**RECORDS SUPPLIED**
····················

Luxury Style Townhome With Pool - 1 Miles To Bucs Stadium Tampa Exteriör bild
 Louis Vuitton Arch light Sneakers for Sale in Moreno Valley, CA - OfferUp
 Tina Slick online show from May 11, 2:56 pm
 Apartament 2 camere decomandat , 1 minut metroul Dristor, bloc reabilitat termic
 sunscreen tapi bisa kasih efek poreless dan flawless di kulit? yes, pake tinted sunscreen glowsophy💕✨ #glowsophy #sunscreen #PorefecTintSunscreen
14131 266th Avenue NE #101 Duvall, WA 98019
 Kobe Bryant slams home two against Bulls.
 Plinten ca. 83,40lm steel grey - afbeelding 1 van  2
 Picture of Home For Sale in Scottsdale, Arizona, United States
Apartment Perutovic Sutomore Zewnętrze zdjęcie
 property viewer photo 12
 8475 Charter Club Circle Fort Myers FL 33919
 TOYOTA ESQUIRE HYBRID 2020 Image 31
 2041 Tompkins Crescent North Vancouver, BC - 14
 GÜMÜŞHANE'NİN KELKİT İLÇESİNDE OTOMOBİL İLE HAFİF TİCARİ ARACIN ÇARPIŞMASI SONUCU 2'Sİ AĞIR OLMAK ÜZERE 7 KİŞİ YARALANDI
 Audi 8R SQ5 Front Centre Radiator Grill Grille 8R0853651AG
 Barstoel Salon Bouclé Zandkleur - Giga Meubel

····················

**BRIEF**
Starting at the line that contains "Plinten ca. 83,40lm", write out every line through the end of the entries, exactly and with nothing added.

**ANSWER TO THIS EXERCISE**
 Plinten ca. 83,40lm steel grey - afbeelding 1 van  2
 Picture of Home For Sale in Scottsdale, Arizona, United States
Apartment Perutovic Sutomore Zewnętrze zdjęcie
 property viewer photo 12
 8475 Charter Club Circle Fort Myers FL 33919
 TOYOTA ESQUIRE HYBRID 2020 Image 31
 2041 Tompkins Crescent North Vancouver, BC - 14
 GÜMÜŞHANE'NİN KELKİT İLÇESİNDE OTOMOBİL İLE HAFİF TİCARİ ARACIN ÇARPIŞMASI SONUCU 2'Sİ AĞIR OLMAK ÜZERE 7 KİŞİ YARALANDI
 Audi 8R SQ5 Front Centre Radiator Grill Grille 8R0853651AG
 Barstoel Salon Bouclé Zandkleur - Giga Meubel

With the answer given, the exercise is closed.